» Exercise directions: Print every record exactly, but leave out the pictures.

» Dataset records:
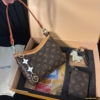 Túi Louis Vuitton LV Mini CarryAll Monogram Fullbox 8 Túi Louis Vuitton Mini CarryAll Monogram Canvas Fullbox Cao Cấp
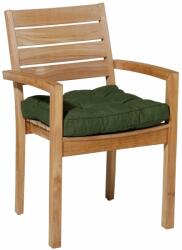 Madison Pernă de scaun saltea Panama, verde, 47x47 cm FLORB209 (434690)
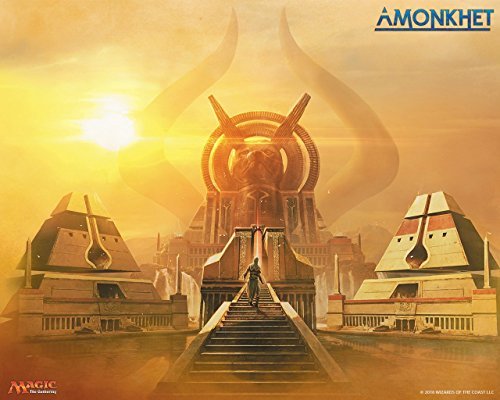 Magic: the Gathering: Amonkhet Planeswalker Deck English - 1 Deck - Random Selection Magic: the Gathering: Amonkhet Planeswalker Deck English - 1 Deck - Random Selection von Magic: The Gathering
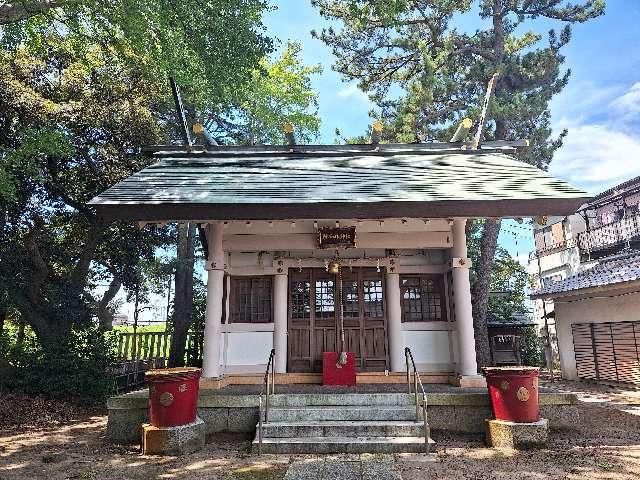 新堀日枝神社の参拝記録1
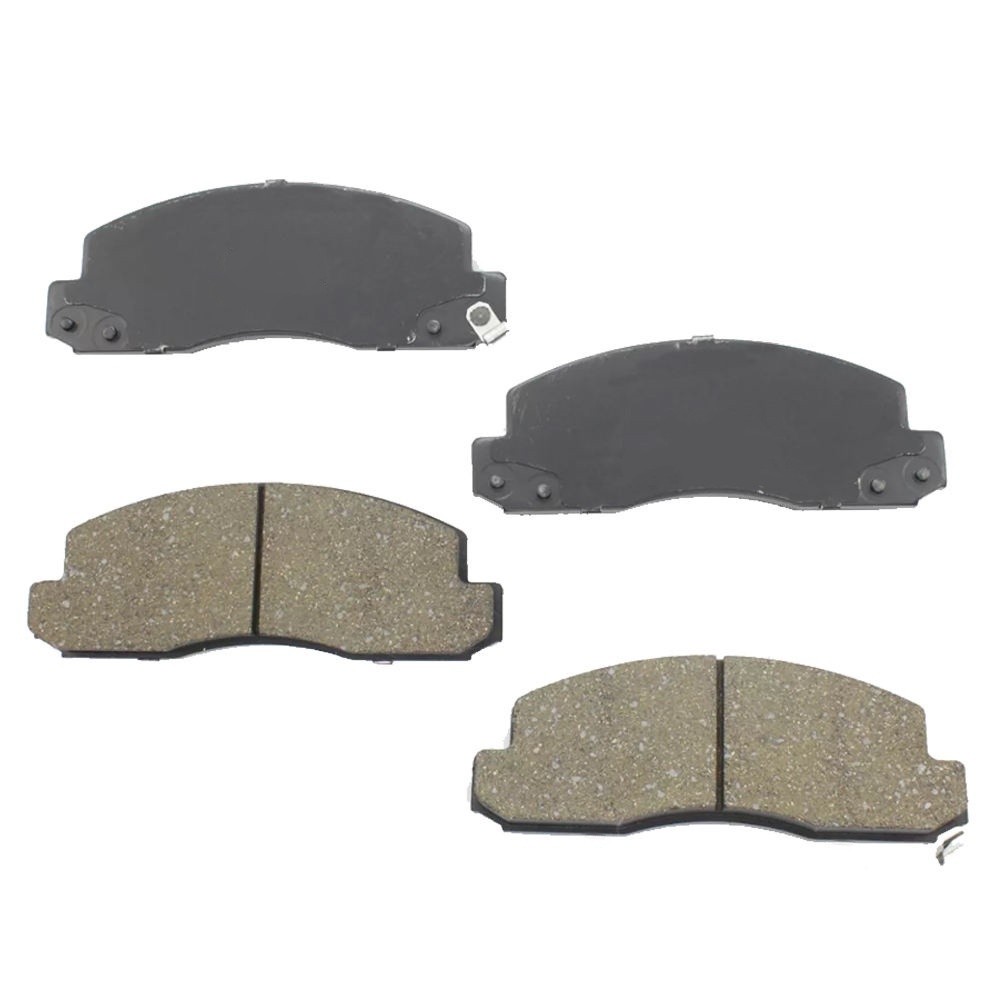 D1550-8759 Front Brake Pads for Toyota Coaster I-II-III (B1/B2/B3/B4/B5) Bus 08/1977-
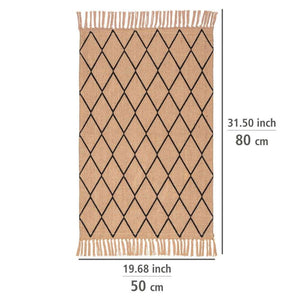 Wenko Bath Mat Calama Made of 100% Jute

» Reply to the task:
 Túi Louis Vuitton LV Mini CarryAll Monogram Fullbox 8 Túi Louis Vuitton Mini CarryAll Monogram Canvas Fullbox Cao Cấp
 Madison Pernă de scaun saltea Panama, verde, 47x47 cm FLORB209 (434690)
 Magic: the Gathering: Amonkhet Planeswalker Deck English - 1 Deck - Random Selection Magic: the Gathering: Amonkhet Planeswalker Deck English - 1 Deck - Random Selection von Magic: The Gathering
 新堀日枝神社の参拝記録1
 D1550-8759 Front Brake Pads for Toyota Coaster I-II-III (B1/B2/B3/B4/B5) Bus 08/1977-
 Wenko Bath Mat Calama Made of 100% Jute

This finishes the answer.